Ma conferma immediatamente la sua umiltà: "Il mio approccio alle gare giovanili è sempre lo stesso, sono ancora 'piccola' e il mio ambiente è questo, non mi sento cambiata". Lo stesso vale per il suo rapporto con Vito D'Onghia, il suo allenatore: "Discutiamo sempre del contenuto degli allenamenti, ma non voglio avere voce in capitolo perché mi fido ciecamente di lui. Se qualche esercitazione non mi riesce ne parliamo insieme e valutiamo eventuali correzioni".

Ovviamente qualcosa è cambiato, a livello di notorietà, con tutti i fan che la riconoscono e la fermano per strada, solo che specie a 14 anni gli amici sono quelli con cui si è cresciuti, con cui si va a scuola. A tal proposito, la Pilato ringrazia i suoi professori che non la appesantiscono nei periodi di gare: "Mi aiutano e fanno il possibile per conciliare l’attività didattica con i miei impegni agonistici, evitando di fissare compiti e interrogazioni quando sono via per le gare.
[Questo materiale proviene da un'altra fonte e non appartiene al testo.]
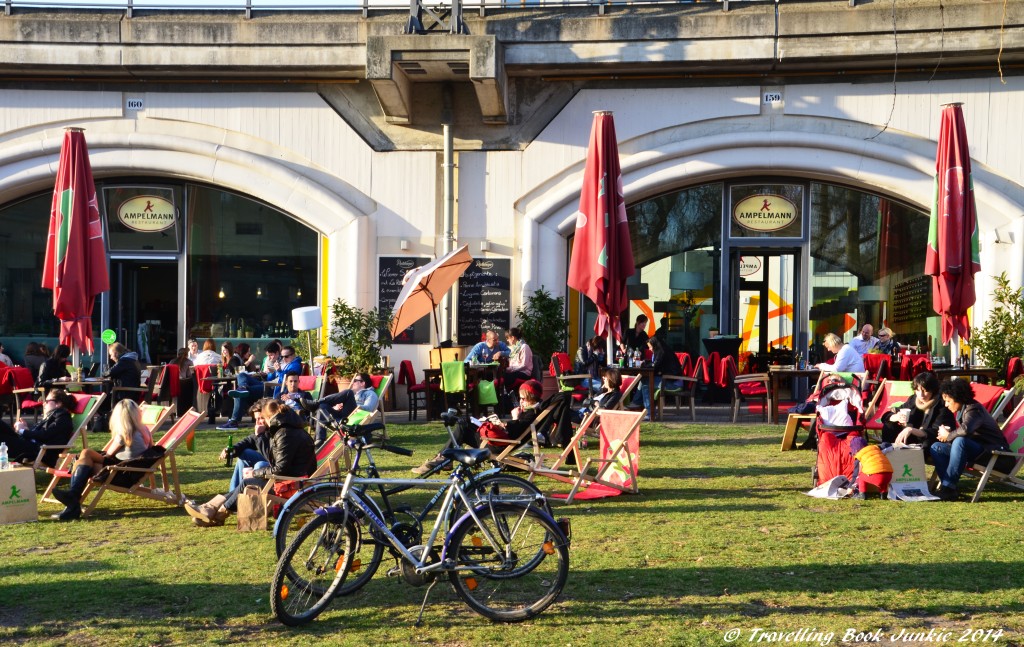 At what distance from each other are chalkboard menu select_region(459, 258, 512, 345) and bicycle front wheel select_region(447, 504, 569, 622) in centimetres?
1061

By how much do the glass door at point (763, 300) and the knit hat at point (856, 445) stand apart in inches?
317

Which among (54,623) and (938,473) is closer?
(54,623)

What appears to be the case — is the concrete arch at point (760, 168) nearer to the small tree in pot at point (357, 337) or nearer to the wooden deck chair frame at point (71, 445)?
the small tree in pot at point (357, 337)

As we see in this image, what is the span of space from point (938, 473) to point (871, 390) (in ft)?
11.1

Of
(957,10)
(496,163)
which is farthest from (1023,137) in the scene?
(496,163)

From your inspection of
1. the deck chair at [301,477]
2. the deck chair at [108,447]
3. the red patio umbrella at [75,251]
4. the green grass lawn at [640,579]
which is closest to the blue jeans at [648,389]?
the green grass lawn at [640,579]

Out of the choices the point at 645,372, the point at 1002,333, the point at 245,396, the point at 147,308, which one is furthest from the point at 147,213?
the point at 1002,333

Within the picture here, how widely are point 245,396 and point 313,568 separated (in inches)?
326

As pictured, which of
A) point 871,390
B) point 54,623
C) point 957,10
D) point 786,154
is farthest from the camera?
point 786,154

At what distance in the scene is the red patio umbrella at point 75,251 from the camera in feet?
41.4

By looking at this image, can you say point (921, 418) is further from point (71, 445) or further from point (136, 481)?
point (71, 445)

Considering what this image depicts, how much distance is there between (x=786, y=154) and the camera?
50.9 ft

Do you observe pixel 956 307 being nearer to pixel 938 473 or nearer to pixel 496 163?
pixel 938 473

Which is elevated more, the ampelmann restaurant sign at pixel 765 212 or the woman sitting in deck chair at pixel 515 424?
the ampelmann restaurant sign at pixel 765 212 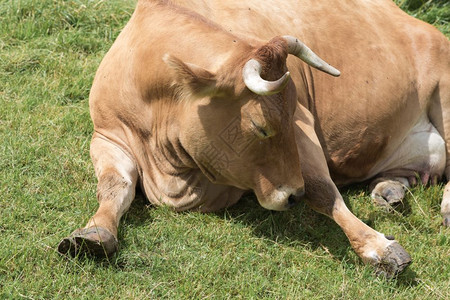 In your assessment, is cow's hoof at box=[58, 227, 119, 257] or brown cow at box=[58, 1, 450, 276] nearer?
cow's hoof at box=[58, 227, 119, 257]

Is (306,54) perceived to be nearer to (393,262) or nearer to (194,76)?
(194,76)

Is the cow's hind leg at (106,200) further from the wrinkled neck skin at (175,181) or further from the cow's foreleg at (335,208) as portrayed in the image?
the cow's foreleg at (335,208)

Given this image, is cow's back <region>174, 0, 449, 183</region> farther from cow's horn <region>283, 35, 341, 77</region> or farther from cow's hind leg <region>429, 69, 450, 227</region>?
cow's horn <region>283, 35, 341, 77</region>

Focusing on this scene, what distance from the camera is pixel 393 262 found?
4715 millimetres

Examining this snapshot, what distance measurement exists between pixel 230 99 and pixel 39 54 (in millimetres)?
3030

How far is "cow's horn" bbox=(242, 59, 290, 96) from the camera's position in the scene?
4.49m

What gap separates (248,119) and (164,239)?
89cm

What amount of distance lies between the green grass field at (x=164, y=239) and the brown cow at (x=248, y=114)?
147 millimetres

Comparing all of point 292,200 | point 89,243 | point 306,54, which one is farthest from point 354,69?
point 89,243

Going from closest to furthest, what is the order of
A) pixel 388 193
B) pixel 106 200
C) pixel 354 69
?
pixel 106 200
pixel 388 193
pixel 354 69

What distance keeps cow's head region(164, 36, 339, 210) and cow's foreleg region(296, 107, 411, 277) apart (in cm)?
26

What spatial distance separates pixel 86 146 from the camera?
20.1ft

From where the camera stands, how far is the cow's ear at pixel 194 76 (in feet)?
15.4

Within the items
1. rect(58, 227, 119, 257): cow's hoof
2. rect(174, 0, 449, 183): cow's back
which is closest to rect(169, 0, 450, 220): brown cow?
rect(174, 0, 449, 183): cow's back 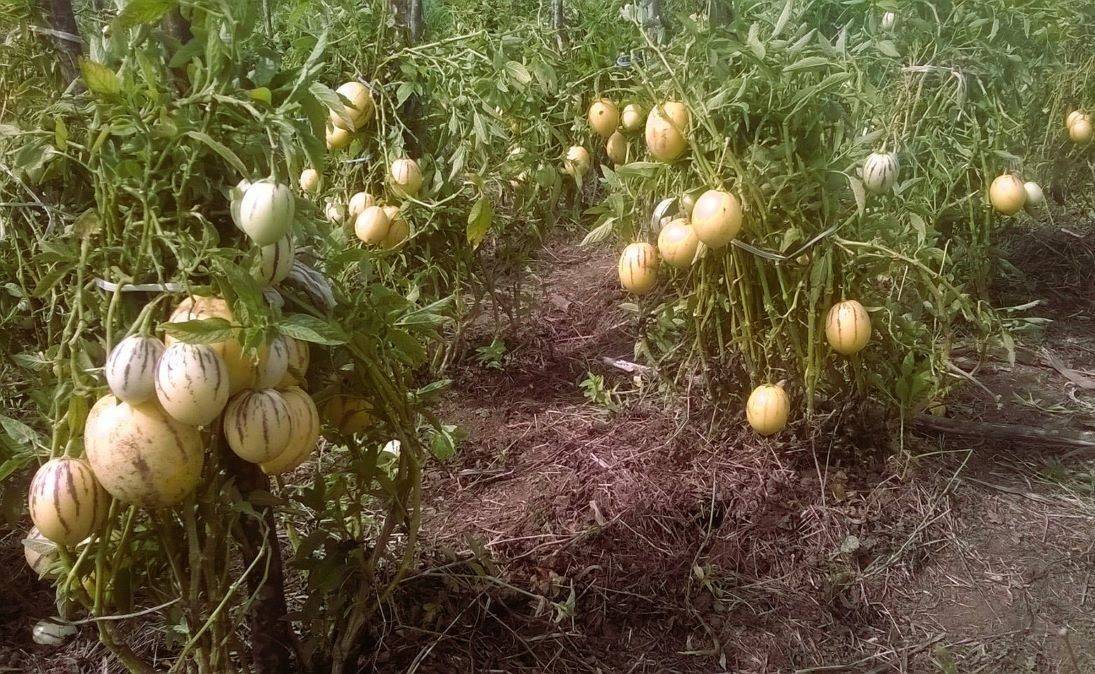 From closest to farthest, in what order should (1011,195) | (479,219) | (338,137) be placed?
(479,219) < (338,137) < (1011,195)

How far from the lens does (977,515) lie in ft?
8.16

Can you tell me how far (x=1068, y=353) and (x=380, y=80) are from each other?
295cm

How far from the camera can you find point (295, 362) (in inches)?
49.9

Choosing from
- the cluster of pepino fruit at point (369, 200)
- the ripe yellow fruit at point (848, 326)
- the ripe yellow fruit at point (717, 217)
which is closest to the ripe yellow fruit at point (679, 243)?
the ripe yellow fruit at point (717, 217)

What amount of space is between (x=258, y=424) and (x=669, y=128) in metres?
1.42

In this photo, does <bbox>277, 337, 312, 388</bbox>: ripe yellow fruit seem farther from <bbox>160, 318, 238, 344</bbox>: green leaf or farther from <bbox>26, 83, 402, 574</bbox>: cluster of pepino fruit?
<bbox>160, 318, 238, 344</bbox>: green leaf

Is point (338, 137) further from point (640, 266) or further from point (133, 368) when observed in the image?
point (133, 368)

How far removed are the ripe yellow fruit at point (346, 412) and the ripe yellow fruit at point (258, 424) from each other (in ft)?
0.96

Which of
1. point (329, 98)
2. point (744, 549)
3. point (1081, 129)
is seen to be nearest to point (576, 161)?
point (744, 549)

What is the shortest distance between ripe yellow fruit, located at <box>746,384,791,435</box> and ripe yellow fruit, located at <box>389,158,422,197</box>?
4.10 ft

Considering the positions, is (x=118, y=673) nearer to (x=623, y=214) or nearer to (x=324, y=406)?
(x=324, y=406)

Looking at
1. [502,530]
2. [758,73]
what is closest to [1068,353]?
[758,73]

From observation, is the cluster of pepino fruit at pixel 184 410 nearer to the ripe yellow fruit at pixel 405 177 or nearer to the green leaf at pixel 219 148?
the green leaf at pixel 219 148

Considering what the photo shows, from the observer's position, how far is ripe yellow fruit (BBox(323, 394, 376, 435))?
150 cm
Anche il mio allenatore mi aiuta, modificando gli allenamenti in base ai miei impegni scolastici".

Quanto agli atleti ispiratori nel nuoto, la primatista italiana dei 50 rana e dei 100 (a livello giovanile), non vuole fare torti a nessuno e anche sul tema social network ci si rende conto di avere a che fare con una ragazzina normale: "Li gestisco tutti io e ci dedico poco tempo, prevalentemente nei momenti morti, ad esempio nel tragitto scuola-piscina", rivela Benedetta.